Psychology: Goldfish

Goldfish Strategy: Labeling to Overcome Negative Thoughts in Tennis

Human nature, driven by our primal instincts, often fixates on negative thoughts as a defense mechanism to protect us from danger. This tendency, which I’ll personify as “Mildred” for illustrative purposes, frequently intrudes at inopportune moments during tennis matches. For example, thoughts like “don’t double fault” or “make this return no matter what” suddenly pop up, especially against formidable opponents like Jimmy, who you haven’t beaten before. Mildred might remind you of past failures, undermining your current performance despite any improvements or changes since those past encounters.

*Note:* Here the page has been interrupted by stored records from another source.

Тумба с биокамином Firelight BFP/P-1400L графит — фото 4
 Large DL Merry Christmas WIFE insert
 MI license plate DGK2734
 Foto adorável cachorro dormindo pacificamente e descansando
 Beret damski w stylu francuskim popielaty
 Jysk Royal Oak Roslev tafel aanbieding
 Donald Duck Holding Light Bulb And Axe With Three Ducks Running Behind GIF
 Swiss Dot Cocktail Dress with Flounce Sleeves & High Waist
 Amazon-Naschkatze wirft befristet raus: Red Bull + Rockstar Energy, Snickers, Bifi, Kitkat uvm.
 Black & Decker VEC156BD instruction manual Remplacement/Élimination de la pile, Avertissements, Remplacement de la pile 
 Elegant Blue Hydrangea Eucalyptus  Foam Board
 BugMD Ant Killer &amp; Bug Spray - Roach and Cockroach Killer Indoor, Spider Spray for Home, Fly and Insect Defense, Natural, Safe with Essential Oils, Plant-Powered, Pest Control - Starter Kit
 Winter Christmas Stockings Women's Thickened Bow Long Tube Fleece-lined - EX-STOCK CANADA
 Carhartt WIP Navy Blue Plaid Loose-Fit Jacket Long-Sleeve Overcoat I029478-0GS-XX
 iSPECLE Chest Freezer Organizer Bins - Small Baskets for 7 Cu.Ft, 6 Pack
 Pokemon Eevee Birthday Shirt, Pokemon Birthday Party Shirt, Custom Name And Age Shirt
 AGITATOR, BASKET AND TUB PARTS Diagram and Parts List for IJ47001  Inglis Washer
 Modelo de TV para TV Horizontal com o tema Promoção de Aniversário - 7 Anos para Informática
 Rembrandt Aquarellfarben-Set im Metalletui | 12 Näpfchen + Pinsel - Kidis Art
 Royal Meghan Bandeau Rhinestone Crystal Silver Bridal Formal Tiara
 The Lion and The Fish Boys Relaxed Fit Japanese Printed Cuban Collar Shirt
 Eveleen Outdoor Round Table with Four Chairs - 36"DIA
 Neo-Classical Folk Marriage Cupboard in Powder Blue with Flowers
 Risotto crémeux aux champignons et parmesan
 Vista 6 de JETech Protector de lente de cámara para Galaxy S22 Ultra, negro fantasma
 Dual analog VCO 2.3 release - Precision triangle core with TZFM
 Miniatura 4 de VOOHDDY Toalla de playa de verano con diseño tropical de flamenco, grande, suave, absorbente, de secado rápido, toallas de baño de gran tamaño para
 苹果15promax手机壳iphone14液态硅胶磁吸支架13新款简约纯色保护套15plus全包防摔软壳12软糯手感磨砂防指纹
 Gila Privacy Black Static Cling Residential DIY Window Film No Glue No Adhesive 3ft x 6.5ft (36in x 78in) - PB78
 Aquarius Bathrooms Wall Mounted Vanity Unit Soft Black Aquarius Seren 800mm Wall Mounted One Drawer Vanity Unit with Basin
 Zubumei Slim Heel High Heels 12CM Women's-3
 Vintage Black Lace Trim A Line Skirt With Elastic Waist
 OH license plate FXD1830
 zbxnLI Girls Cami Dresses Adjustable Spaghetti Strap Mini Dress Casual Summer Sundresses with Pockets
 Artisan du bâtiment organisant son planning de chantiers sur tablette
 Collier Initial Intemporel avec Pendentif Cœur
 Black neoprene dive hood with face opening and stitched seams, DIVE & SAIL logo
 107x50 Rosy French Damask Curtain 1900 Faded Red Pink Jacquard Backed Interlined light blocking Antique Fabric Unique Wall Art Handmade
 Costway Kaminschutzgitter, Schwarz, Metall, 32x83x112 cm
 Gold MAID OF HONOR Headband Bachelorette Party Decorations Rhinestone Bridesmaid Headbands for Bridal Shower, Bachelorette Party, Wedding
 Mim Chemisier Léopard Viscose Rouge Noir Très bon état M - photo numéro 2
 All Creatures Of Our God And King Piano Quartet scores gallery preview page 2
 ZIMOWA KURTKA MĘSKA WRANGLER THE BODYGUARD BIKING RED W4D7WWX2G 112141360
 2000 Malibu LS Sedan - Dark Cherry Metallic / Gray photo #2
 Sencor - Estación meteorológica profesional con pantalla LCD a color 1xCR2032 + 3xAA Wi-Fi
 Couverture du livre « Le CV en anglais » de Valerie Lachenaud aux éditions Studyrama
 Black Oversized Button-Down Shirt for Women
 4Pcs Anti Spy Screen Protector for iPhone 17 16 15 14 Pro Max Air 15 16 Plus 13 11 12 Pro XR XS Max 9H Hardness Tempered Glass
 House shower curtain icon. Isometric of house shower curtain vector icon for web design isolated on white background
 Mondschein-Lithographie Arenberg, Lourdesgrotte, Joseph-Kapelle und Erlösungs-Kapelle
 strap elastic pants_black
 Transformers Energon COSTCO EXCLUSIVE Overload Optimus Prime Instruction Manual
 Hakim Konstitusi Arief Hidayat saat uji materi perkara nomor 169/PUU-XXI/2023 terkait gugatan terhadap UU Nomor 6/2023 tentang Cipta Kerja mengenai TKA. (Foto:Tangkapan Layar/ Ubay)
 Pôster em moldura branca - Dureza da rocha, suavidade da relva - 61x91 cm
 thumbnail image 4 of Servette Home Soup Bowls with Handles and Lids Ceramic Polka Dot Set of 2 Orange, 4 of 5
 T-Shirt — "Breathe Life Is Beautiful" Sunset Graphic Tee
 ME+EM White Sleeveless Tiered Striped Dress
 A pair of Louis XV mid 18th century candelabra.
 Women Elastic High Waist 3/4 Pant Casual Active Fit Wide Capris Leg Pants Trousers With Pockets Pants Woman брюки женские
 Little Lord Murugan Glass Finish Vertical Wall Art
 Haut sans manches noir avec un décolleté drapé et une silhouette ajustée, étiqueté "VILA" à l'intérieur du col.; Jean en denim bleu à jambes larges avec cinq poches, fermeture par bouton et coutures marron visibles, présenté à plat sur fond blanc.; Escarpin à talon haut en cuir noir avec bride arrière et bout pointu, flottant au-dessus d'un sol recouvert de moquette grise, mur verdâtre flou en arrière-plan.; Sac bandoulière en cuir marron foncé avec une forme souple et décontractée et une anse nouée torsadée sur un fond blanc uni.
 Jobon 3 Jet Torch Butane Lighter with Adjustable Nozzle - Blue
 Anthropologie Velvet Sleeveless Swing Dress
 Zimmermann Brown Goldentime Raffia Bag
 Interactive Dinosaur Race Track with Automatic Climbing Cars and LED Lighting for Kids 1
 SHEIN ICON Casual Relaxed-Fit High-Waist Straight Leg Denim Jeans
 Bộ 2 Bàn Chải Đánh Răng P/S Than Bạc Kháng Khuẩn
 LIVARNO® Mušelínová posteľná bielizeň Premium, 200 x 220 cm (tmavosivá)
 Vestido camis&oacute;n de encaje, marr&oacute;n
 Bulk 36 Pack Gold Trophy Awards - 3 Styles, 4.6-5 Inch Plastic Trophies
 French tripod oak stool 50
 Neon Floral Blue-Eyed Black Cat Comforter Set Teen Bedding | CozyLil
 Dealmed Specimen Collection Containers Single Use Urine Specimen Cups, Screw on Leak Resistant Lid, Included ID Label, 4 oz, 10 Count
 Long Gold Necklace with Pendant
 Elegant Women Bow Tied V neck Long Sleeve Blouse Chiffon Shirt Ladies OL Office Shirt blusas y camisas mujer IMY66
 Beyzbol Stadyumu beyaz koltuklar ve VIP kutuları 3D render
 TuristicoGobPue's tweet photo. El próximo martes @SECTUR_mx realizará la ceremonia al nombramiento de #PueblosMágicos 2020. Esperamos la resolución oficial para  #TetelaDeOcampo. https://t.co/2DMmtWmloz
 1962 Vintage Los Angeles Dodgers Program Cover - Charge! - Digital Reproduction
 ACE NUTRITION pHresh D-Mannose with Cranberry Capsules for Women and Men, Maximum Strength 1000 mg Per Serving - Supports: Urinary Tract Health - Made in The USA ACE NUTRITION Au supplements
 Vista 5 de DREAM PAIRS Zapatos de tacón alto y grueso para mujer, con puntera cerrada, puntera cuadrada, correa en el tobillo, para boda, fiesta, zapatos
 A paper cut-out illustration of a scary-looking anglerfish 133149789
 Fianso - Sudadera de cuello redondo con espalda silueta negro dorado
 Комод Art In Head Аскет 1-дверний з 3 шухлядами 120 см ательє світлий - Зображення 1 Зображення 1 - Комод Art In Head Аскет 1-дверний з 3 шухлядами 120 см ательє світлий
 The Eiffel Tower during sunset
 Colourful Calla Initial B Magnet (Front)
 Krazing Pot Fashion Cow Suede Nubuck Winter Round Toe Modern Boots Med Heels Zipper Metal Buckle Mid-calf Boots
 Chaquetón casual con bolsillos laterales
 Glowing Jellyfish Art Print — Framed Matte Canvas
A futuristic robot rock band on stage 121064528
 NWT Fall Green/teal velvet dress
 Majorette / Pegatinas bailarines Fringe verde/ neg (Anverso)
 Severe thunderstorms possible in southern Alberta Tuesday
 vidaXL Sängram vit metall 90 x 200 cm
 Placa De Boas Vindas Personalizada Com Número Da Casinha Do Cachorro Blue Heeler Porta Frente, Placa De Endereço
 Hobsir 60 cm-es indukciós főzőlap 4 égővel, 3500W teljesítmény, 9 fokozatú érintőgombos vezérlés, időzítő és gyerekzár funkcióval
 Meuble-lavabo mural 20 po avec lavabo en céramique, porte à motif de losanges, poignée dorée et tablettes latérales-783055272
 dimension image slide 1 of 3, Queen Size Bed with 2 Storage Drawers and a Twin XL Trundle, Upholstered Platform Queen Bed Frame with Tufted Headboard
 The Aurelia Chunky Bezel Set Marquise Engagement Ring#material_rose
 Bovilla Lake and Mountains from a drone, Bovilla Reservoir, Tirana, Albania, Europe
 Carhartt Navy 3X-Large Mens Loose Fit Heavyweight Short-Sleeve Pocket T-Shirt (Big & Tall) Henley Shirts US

One effective method to counteract these intrusive thoughts is to recognize them as the ‘impostors’ they truly are. Labeling these thoughts helps in managing them. For instance, before a major National Doubles Final in the US, my partner expressed concerns about facing a seasoned opponent, Jimmy Parker. To lighten the mood and shift the mindset, my spouse jokingly referred to the opponent as “Jimmy Buffett” instead of the formidable Jimmy Parker. This humorous mislabeling helped my partner reframe the situation, leading us to win the match comfortably in two sets, even earning praise from Parker himself.

This strategy aligns with my usual advice to treat each point in isolation, akin to a goldfish with no memory of the past. Whenever those impostor thoughts arise, take a moment to breathe and mentally shout “GOLDFISH” to yourself, before moving on to the next point. This approach helps in maintaining focus and staying present, crucial for high-level performance in tennis.